5. Sebastian Vettel becomes the youngest to three F1 world titles

At 25 years and 145 days, Sebastian Vettel became the youngest driver to win three Formula One world championships. The German held off a hopelessly persistent Fernando Alonso in the final race of the season, at a rainswept Interlagos circuit, to grab his third successive drivers’ title. Whatever may be said about Alonso driving an inferior car, Vettel showed he had ample stomach for a fight over the course of the season, culminating in a thrilling Brazilian GP, where despite damage to the Red Bull, he worked his way up from the back. It has been a thoroughly deserved hat-trick.

6. Manchester City is Premier League champion

Sheikh Mansour bin Zayed Al Nahyan’s millions (close to 400 GBP of them) invested in Manchester City finally paid dividend in May, when the club won its first top-flight league title for 44 years. Sergio Aguero scored an injury-time winner against QPR, in arguably the most dramatic conclusion to a league season since 1988-89, to plunge the Etihad Stadium into delirium.

The outcome kept Roberto Mancini in the job and, more importantly, denied arch-rival Manchester United an unprecedented 20th league title. It was understood that City would force a restructuring of the old order; it has happened soon enough.

7. Cricket retirements

With Ricky Ponting’s retirement in December went the last great member of the indomitable Australian sides of the late nineties and the early noughties. It marks the halfway stage in Australia’s cricket transition, with a new generation of players seeking to take their country back to the top.

India will soon reach a similar bend in the road. This year saw the departure of two pillars of the middle order, Rahul Dravid and V. V. S. Laxman. Sachin Tendulkar also announced his farewell to One-Day Internationals. With humiliation in recent Test series, India is staring at a long path to recovery.
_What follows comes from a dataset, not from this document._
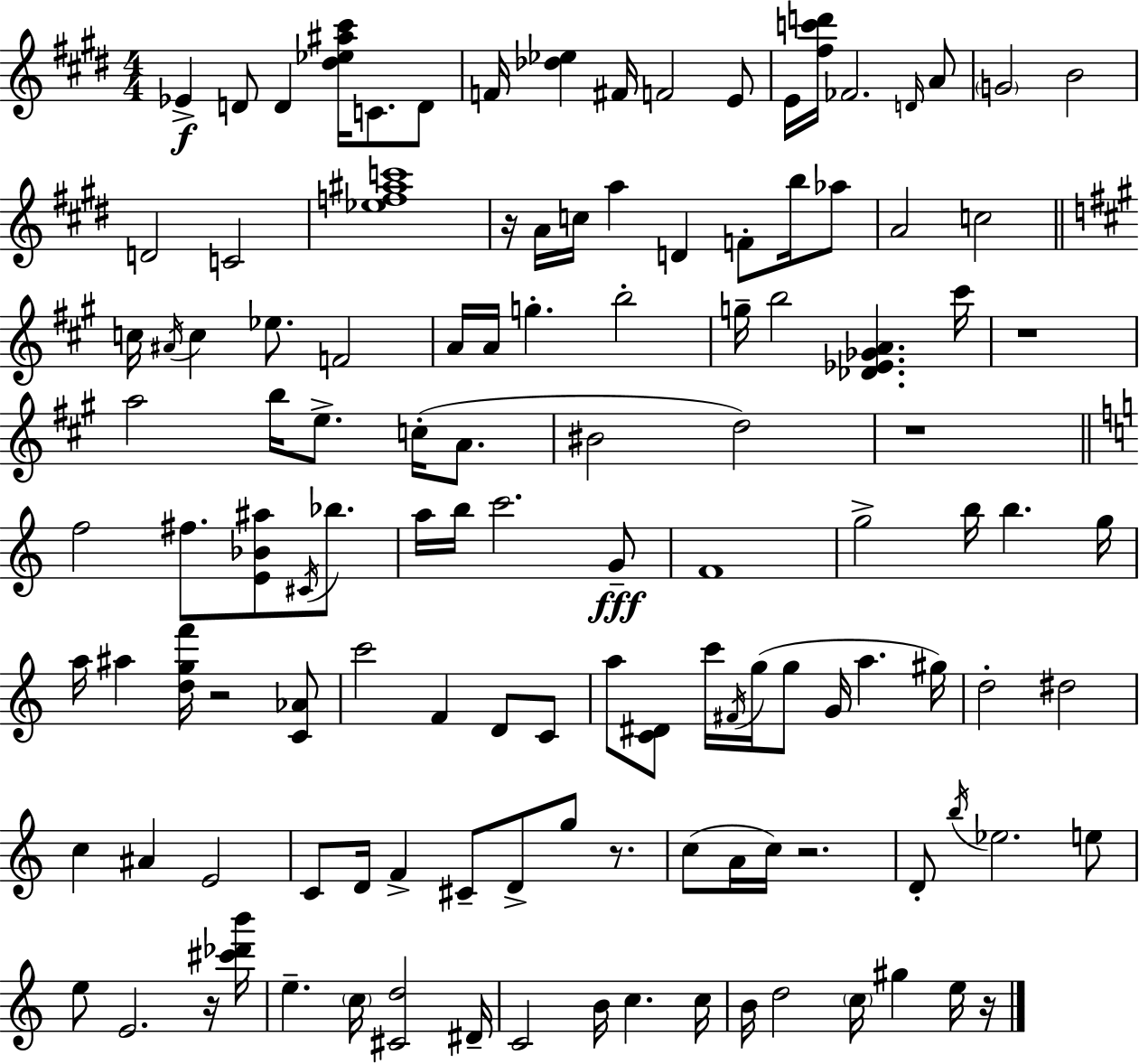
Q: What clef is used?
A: treble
8. Viswanathan Anand defends World Chess Championship for the third time

India’s biggest sporting achievement of the year surely has to be Viswanathan Anand’s staggering fourth successive world title. In a contest of fine margins, Anand prevailed over Boris Gelfand in May’s World Chess Championship final in Moscow. The 43-year-old had his back to the wall after the seventh game but fought back, leaving Gelfand with no answer to his speed in the rapid tiebreaks. No other Indian sportsman today has reigned over his domain for so long.
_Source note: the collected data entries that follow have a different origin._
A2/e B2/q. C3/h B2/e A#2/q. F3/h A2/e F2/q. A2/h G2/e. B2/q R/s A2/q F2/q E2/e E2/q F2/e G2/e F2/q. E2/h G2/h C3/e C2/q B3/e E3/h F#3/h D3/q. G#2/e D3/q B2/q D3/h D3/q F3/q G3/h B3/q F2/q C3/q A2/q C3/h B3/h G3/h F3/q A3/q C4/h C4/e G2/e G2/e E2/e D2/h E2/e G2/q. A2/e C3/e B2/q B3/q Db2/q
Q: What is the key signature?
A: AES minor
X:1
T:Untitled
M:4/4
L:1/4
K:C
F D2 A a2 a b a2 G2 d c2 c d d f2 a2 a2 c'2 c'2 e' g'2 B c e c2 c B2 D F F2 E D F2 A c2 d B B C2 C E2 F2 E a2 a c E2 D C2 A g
9. Bradley Wiggins does THE double

Bradley Wiggins’ quest for cycling’s Holy Grail ended in the space of 10 days. He became the first Briton to win the Tour de France, and from the Champs Elysees took his success to Hampton Court, where he grabbed the Olympic gold in the men’s road time trial. The 32-year-old is now Britain's most decorated Olympian alongside Chris Hoy and only the second cyclist, after Miguel Indurain, to win both the Tour de France and the time trial gold.

10. One cycling hero rises, another falls

After years of suspicion and insinuation, Lance Armstrong was finally declared guilty of using performance-enhancing drugs by the United States Anti-Doping Agency in October. In its report, based on testimony from 11 former team-mates, the USADA called Armstrong a “serial” cheat, accusing him of being the ringleader of “the most sophisticated, professionalized and successful doping programme the sport has ever seen”. The Texan was banned for life and stripped of all seven Tour de France titles by the International Cycling Union (UCI). Once a heroic cancer-surviving champion, Armstrong now stands disgraced.